> _Directions for this task_: Once the line holding "Load image into" is found, output it and all remaining lines of the data exactly, with every picture left out.
————————
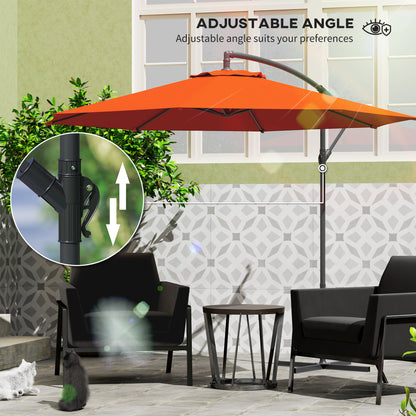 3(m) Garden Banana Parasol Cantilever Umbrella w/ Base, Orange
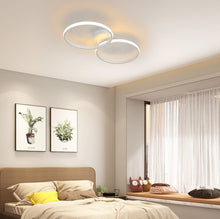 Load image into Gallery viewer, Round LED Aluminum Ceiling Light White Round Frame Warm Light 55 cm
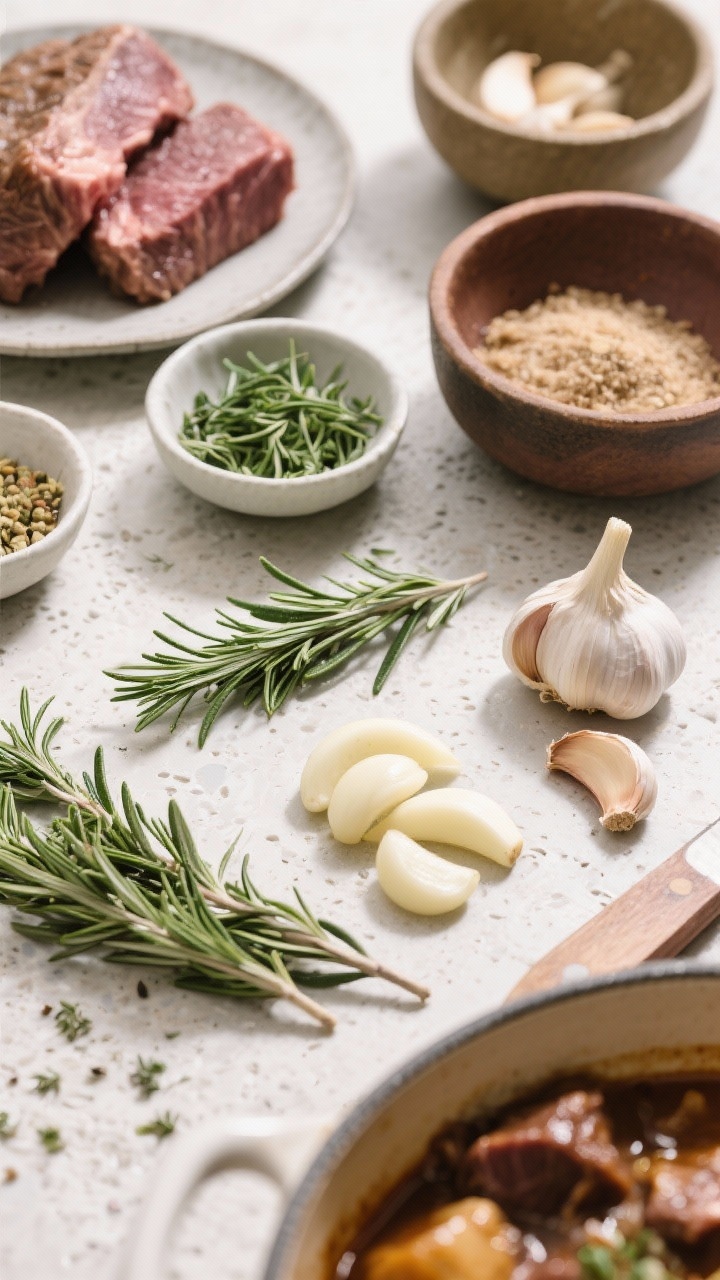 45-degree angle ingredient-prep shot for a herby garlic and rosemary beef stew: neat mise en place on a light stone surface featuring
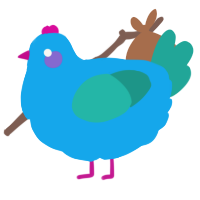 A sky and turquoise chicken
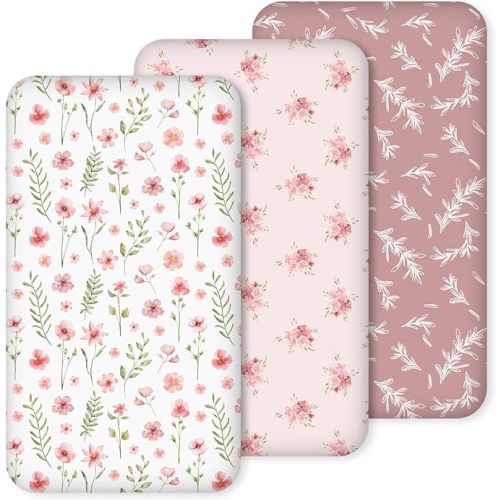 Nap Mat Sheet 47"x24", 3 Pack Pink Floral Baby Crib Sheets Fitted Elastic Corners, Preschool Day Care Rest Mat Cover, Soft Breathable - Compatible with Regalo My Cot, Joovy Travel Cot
————————
> _Exercise solution_:
 Load image into Gallery viewer, Round LED Aluminum Ceiling Light White Round Frame Warm Light 55 cm
 45-degree angle ingredient-prep shot for a herby garlic and rosemary beef stew: neat mise en place on a light stone surface featuring
 A sky and turquoise chicken
 Nap Mat Sheet 47"x24", 3 Pack Pink Floral Baby Crib Sheets Fitted Elastic Corners, Preschool Day Care Rest Mat Cover, Soft Breathable - Compatible with Regalo My Cot, Joovy Travel Cot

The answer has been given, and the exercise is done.